11.10.19 dans La Une Livres, Les Livres, Critiques, Allary Editions, Roman

Mangoustan, Rocco Giudice, août 2019, 240 pages, 17,90 €

Edition: Allary Editions

Mangoustan, Rocco Giudice (par Christelle D'Hérart-Brocard)

 

 

Voici un roman qui laisse dubitatif parce qu’il est à la fois très convenu et étonnant par certains aspects. Il y est question de trois femmes, trois vies domestiques très différentes, trois destins parallèles qui bifurquent et se croisent fortuitement à Hong Kong, alors que l’île va à être balayée par un typhon du nom de « Mangoustan ». La structure narrative est sans surprise : une alternance de chapitres courts développant la vie de chacune des trois héroïnes. L’écriture n’est pas désagréable : une facture simple, un rythme alerte et volontairement désinvolte, puisque de nombreux dialogues, calqués sur la vie quotidienne, ponctuent une narration extradiégétique. On devine assez vite que les trois personnages principaux représentent des archétypes féminins assujettis à leurs relations conjugales. Le combat pour l’émancipation ne tarde pas à pointer son nez.

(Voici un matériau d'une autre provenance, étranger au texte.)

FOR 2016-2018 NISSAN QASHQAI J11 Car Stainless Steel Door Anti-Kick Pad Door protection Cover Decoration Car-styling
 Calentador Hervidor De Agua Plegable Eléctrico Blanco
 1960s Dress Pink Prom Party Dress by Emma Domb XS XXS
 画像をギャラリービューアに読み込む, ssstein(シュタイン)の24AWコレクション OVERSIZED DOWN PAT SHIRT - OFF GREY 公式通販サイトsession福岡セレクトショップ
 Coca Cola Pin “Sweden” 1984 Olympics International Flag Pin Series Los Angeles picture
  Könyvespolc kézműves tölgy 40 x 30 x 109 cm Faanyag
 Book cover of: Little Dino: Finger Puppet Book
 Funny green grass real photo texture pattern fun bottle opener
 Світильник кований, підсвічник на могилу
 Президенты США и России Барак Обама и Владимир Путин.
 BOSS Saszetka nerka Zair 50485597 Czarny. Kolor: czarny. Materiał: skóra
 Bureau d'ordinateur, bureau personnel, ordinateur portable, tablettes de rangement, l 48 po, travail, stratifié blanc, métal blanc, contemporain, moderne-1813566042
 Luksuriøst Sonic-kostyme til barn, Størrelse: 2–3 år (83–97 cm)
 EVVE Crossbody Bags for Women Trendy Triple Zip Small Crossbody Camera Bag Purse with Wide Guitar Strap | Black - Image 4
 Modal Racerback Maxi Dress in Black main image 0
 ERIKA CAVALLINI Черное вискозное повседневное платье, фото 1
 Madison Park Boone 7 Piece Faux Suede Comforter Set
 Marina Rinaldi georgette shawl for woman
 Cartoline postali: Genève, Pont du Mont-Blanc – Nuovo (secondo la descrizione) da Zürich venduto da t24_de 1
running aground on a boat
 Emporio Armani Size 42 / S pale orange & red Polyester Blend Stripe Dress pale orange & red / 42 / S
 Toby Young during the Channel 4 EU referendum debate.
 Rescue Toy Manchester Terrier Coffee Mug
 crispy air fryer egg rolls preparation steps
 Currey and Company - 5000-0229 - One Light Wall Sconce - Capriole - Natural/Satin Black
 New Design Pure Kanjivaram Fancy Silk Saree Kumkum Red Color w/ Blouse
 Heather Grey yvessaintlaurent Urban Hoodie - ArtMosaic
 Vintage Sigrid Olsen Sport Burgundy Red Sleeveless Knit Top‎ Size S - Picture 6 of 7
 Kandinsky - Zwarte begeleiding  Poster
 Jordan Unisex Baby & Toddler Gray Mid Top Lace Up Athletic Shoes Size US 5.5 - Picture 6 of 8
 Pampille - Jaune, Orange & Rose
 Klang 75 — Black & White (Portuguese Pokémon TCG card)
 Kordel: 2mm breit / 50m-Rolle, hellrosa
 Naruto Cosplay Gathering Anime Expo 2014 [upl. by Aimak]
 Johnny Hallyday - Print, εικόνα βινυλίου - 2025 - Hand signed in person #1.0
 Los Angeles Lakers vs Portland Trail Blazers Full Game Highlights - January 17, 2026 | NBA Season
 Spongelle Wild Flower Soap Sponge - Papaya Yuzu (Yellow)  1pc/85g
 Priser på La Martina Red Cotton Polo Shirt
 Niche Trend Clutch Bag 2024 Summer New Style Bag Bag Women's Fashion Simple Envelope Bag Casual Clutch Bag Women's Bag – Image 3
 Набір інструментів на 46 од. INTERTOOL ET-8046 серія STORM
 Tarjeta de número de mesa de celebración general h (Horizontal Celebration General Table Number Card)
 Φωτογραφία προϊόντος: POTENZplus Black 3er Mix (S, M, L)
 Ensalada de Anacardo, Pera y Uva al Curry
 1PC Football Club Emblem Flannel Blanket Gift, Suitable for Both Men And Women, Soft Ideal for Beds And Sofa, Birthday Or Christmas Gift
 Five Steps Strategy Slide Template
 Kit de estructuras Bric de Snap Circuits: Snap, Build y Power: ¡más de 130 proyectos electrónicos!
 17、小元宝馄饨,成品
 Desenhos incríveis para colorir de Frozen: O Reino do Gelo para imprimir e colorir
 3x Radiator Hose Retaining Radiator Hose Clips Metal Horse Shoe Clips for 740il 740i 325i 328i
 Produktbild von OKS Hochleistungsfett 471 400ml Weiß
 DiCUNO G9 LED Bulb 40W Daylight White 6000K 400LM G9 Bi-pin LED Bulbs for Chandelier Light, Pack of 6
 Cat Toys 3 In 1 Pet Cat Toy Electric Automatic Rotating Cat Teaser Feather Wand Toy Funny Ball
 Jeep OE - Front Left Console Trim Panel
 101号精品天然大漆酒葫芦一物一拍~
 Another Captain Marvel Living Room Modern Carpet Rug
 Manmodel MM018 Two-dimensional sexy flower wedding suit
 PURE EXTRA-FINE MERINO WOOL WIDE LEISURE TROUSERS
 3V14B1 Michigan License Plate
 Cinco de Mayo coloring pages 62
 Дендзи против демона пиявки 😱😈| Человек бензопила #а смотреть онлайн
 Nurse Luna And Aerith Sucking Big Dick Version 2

L’auteur aurait pu en rester là et se fourvoyer dans une espèce de célébration déguisée de la cause féministe. Mais il n’en est rien : les prises de positions attendues se trouvent judicieusement évincées au profit d’une énonciation factuelle uniquement jaugée à l’aune de trois consciences qui, bien que fragilisées et tourmentées, s’avèrent perspicaces et responsables. Si les femmes sont en souffrance, elles le sont certes par amour (ce qui est tout à leur honneur), mais aussi par imprudence, par orgueil et ambition démesurés. Aussi, chacune d’entre elles, après avoir tiré le constat d’un échec, d’une fêlure ou d’une impasse dans sa vie conjugale, s’engage courageusement sur le chemin de la reconstruction personnelle ou de la préservation de son couple. Le lecteur peut donc se rassurer : la femme n’est donc pas (qu’)une Baby doll écervelée tombée entre les mains capricieuses d’un goujat impénitent. Et pour renforcer ce dernier point, on notera la présence, parmi les trois héroïnes, de Melania Trump qui, dans son rôle de First Lady contre son gré, donne une tournure drolatique et burlesque à un récit somme toute dramatique. Son personnage ultra contemporain, puisqu’elle tweete à tout va, aurait pu rester grotesque si l’auteur n’avait associé à l’image patentée de la Lady bimbo une posture originale et pertinente à l’égard du président américain. Ce dernier, peu mis en valeur, reste néanmoins digne d’être aimé par Melania… CQFD ? Finalement, un premier roman prometteur dont l’appréciable légèreté déjoue les pièges d’une thématique romanesque surexploitée.

 

Christelle d’Hérart-Brocard

 

Rocco Giudice, né en 1982, d’un père italien et d’une mère espagnole, vit entre Hong Kong et Genève. Mangoustan est son premier roman.